We do band sometimes but if the buckling is still intact and turns out to be not a good buck we do not sell as a breeder ,,we have a meat goat buyer come buy our meat goats on a regular basis and those boys are sold (as meat,) they do not care if the animal is intact or not ,they will never breed, the buyer takes them straight to butcher, we do not flood the market with billies ...occasionally we do sell commercial billies,no papers, it's the ones that are nice billies but only have a minor defect like little pigment ect.. a few of those can go as registered for basic registered prices, all depends on the goat......

Our pictures are what you see is what you get...we do not doctor our pics,when people come to our ranch they are amazed by our goats and the pictures are proven true........but there are those people that do beef up pics so buyer beware....................
just wanted to clear things up,,

As for the ages of the kids pictured #1 was 2.5mo in picture
#2 was 3mo in picture
#3 was 4mo in picture

thank you all for your nice comments,it is greatly appreciated..
here is our website:

http://tothboergoats.clearwire.net/


----------



## StaceyRosado (Oct 5, 2007)

oh it is always nice to have the breeders around to give real answers on questions asked. 

Welcome to The Goat Spot. 

I really like the looks of your boers. I am not a boer breeder but I can tell a good animal when I see it.


----------



## liz (Oct 5, 2007)

Welcome to The Goat Spot!! I don't have Boers but I do think yours are really good looking! I like the last pic in your post...that is one handsome buck!


----------



## goatnutty (Oct 9, 2007)

Alaskeboers-First off I know your not getting one but #3 is gorgous.toth boer goats- Welcome to the goat spot!I like your goats a lot.


----------



## AlaskaBoers (May 7, 2008)

hi!
yes i was planning on shipping, but i decided that i would wait until next year.
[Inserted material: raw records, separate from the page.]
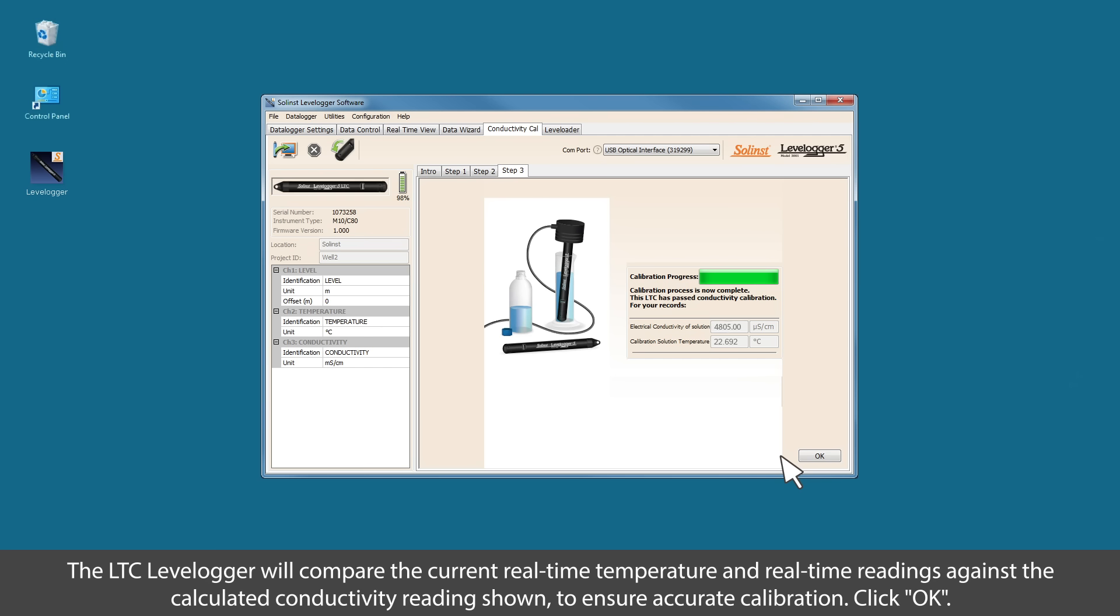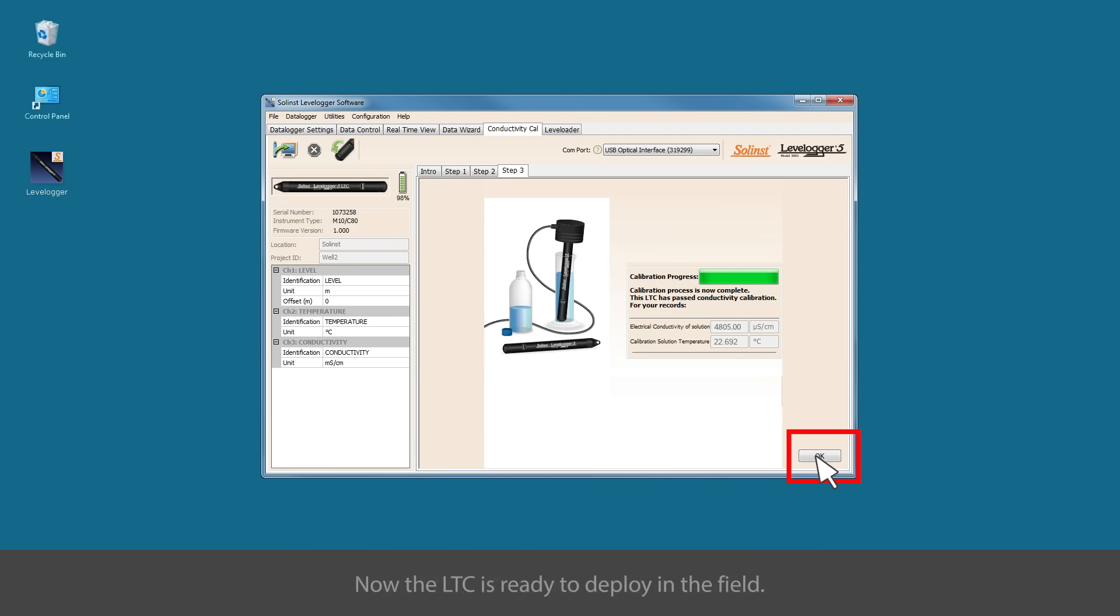Then click OK. Now the LTC is ready to deploy in the field.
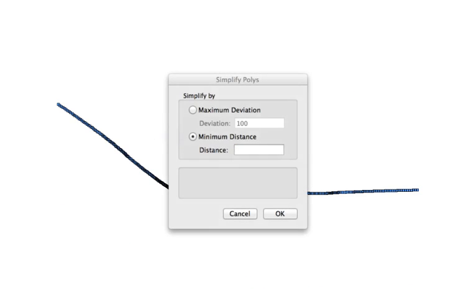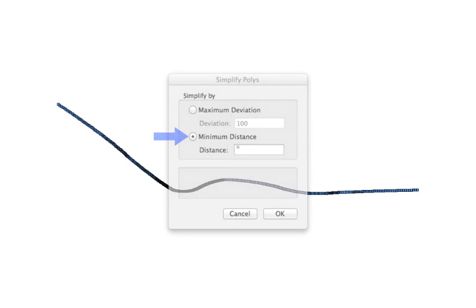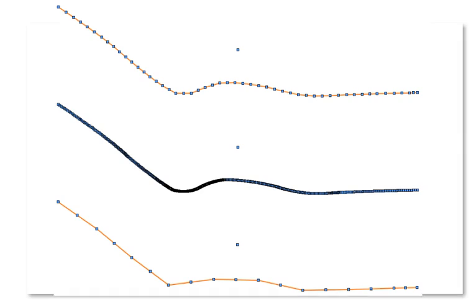The second method, minimum distance, sets the minimum distance along the poly between vertices. A very low value will allow more of the existing vertices to remain, while a very large value will wipe out large amounts of vertices all at once.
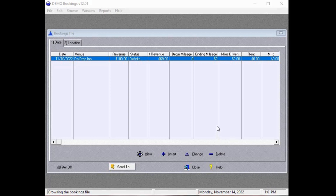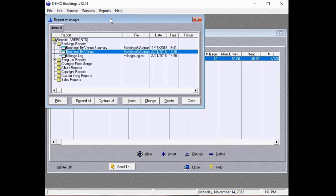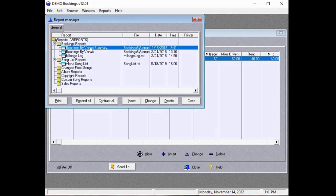Reports are the main purpose of any database application. To access reports, select Reports from the main menu. Select Report Manager. There are four standard reports included in the demo application. We're going to select the Bookings by Venue Summary.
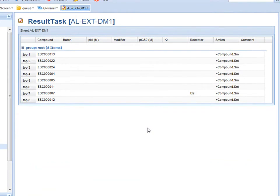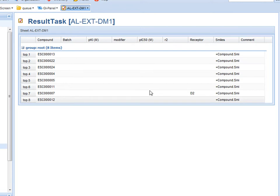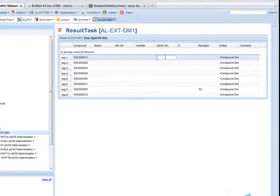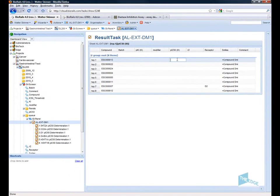Or another electronic lab notebook, or another data management system. BioRails provides an open access method for getting data from external systems back into the BioRails request system. In this case I am just going to manually fill them in.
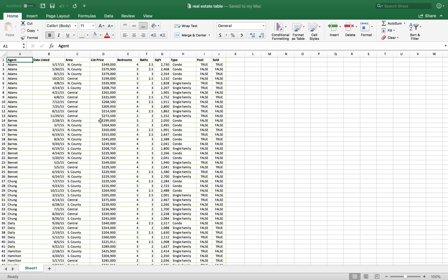In this video we're going to go over how to organize real estate properties that you're potentially looking at in Microsoft Excel. Microsoft Excel is really helpful because you can quickly organize all the information for the different types of real estate properties you're looking at.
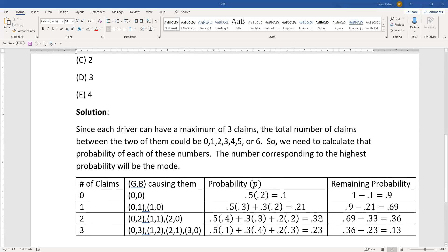That gives us 0.33. The remaining probability: we had 0.69 left, took away 0.33, leaving 0.36. We still need to keep going. At this point 0.33 is the highest probability, so two claims is the best contender for the mode, but since 0.36 remains it is possible that a remaining number could exceed 0.33.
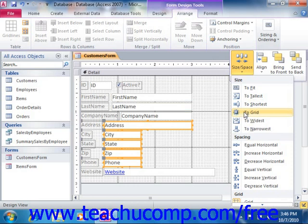If you're using Access 2007, you can click the desired sizing option button that appears in the Size group on the Arrange tab of the Form Design Tools contextual tab in the ribbon.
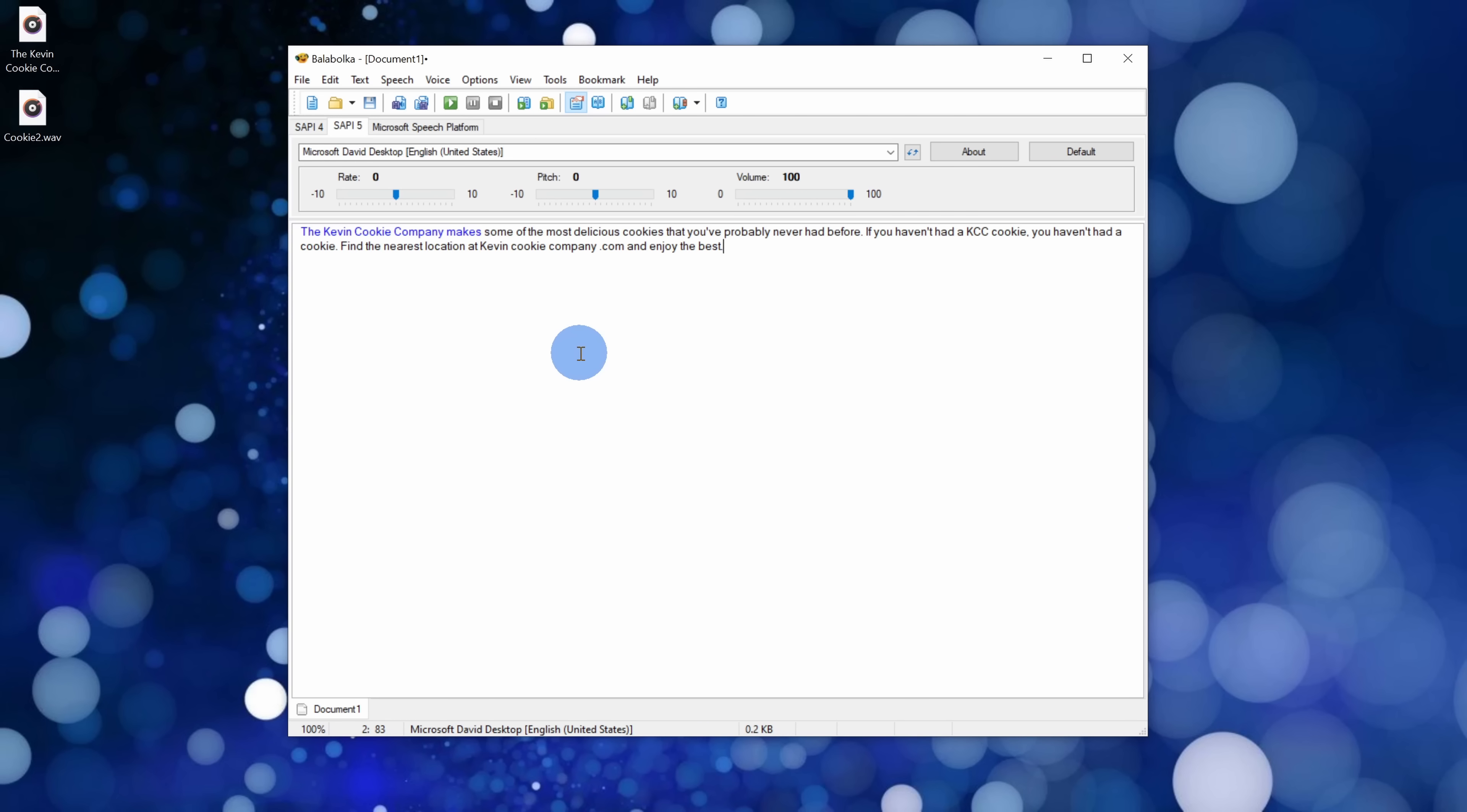Of course, the one downside is you have to install another app and so if you don't want to do that, you do have some tools that just come on your computer that you can use. Alright, well let me know down below in the comments which voice did you think sounded more robotic, mine or the computer's.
And when i saw the pictures of your bucks, i was amazed, no animals up here could compare! i really wish I could ship from CA because of the awesome stock, but i think we will be picking one up during our vacation to wisconsin. thanks.


----------



## AlaskaBoers (May 7, 2008)

oh yes, i forgot , it really is nice to have a new breeder here! welcome to 'goat spot' !


----------



## toth boer goats (Jul 20, 2008)

thank you everyone for the sweet welcome and comments,, :hug:


----------



## SDK (Jun 26, 2008)

toth boers, i love your bucks! they're gorgeous. if i had the capacity for a boer buck i'd buy that red one! haha but really beautiful animals


----------